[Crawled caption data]
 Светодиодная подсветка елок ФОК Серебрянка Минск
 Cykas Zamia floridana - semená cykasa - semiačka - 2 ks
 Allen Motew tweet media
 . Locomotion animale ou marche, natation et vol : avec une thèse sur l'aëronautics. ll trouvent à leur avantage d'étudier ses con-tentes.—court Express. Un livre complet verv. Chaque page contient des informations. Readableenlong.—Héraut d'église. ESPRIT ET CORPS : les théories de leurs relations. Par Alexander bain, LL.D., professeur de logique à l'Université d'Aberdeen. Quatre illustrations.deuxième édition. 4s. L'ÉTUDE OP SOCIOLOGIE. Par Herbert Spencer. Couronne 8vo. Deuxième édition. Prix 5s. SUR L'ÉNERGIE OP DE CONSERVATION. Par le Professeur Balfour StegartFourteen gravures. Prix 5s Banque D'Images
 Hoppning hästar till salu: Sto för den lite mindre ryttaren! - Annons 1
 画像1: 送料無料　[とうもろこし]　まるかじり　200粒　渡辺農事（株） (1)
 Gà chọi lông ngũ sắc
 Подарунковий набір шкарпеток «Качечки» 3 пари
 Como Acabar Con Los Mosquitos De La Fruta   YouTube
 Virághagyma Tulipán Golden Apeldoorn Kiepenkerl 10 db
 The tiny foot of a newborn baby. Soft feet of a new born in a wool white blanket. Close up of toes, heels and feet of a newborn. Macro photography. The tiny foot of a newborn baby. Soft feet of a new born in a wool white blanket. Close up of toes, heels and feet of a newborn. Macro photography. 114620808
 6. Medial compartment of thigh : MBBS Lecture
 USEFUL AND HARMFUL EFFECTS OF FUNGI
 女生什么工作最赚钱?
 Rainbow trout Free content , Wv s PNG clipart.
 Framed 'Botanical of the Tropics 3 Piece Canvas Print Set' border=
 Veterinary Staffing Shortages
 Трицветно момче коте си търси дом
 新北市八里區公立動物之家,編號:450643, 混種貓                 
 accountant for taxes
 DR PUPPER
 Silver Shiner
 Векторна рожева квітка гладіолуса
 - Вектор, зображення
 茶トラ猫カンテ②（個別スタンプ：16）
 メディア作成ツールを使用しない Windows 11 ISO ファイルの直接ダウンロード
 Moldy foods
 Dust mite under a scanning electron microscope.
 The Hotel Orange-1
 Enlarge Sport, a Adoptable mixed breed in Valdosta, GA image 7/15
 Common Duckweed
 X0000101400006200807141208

> [Exercise prompt]
Exact transcription of the records is all that is wanted.

> [Task response]
 Светодиодная подсветка елок ФОК Серебрянка Минск
 Cykas Zamia floridana - semená cykasa - semiačka - 2 ks
 Allen Motew tweet media
 . Locomotion animale ou marche, natation et vol : avec une thèse sur l'aëronautics. ll trouvent à leur avantage d'étudier ses con-tentes.—court Express. Un livre complet verv. Chaque page contient des informations. Readableenlong.—Héraut d'église. ESPRIT ET CORPS : les théories de leurs relations. Par Alexander bain, LL.D., professeur de logique à l'Université d'Aberdeen. Quatre illustrations.deuxième édition. 4s. L'ÉTUDE OP SOCIOLOGIE. Par Herbert Spencer. Couronne 8vo. Deuxième édition. Prix 5s. SUR L'ÉNERGIE OP DE CONSERVATION. Par le Professeur Balfour StegartFourteen gravures. Prix 5s Banque D'Images
 Hoppning hästar till salu: Sto för den lite mindre ryttaren! - Annons 1
 画像1: 送料無料　[とうもろこし]　まるかじり　200粒　渡辺農事（株） (1)
 Gà chọi lông ngũ sắc
 Подарунковий набір шкарпеток «Качечки» 3 пари
 Como Acabar Con Los Mosquitos De La Fruta   YouTube
 Virághagyma Tulipán Golden Apeldoorn Kiepenkerl 10 db
 The tiny foot of a newborn baby. Soft feet of a new born in a wool white blanket. Close up of toes, heels and feet of a newborn. Macro photography. The tiny foot of a newborn baby. Soft feet of a new born in a wool white blanket. Close up of toes, heels and feet of a newborn. Macro photography. 114620808
 6. Medial compartment of thigh : MBBS Lecture
 USEFUL AND HARMFUL EFFECTS OF FUNGI
 女生什么工作最赚钱?
 Rainbow trout Free content , Wv s PNG clipart.
 Framed 'Botanical of the Tropics 3 Piece Canvas Print Set' border=
 Veterinary Staffing Shortages
 Трицветно момче коте си търси дом
 新北市八里區公立動物之家,編號:450643, 混種貓                 
 accountant for taxes
 DR PUPPER
 Silver Shiner
 Векторна рожева квітка гладіолуса
 - Вектор, зображення
 茶トラ猫カンテ②（個別スタンプ：16）
 メディア作成ツールを使用しない Windows 11 ISO ファイルの直接ダウンロード
 Moldy foods
 Dust mite under a scanning electron microscope.
 The Hotel Orange-1
 Enlarge Sport, a Adoptable mixed breed in Valdosta, GA image 7/15
 Common Duckweed
 X0000101400006200807141208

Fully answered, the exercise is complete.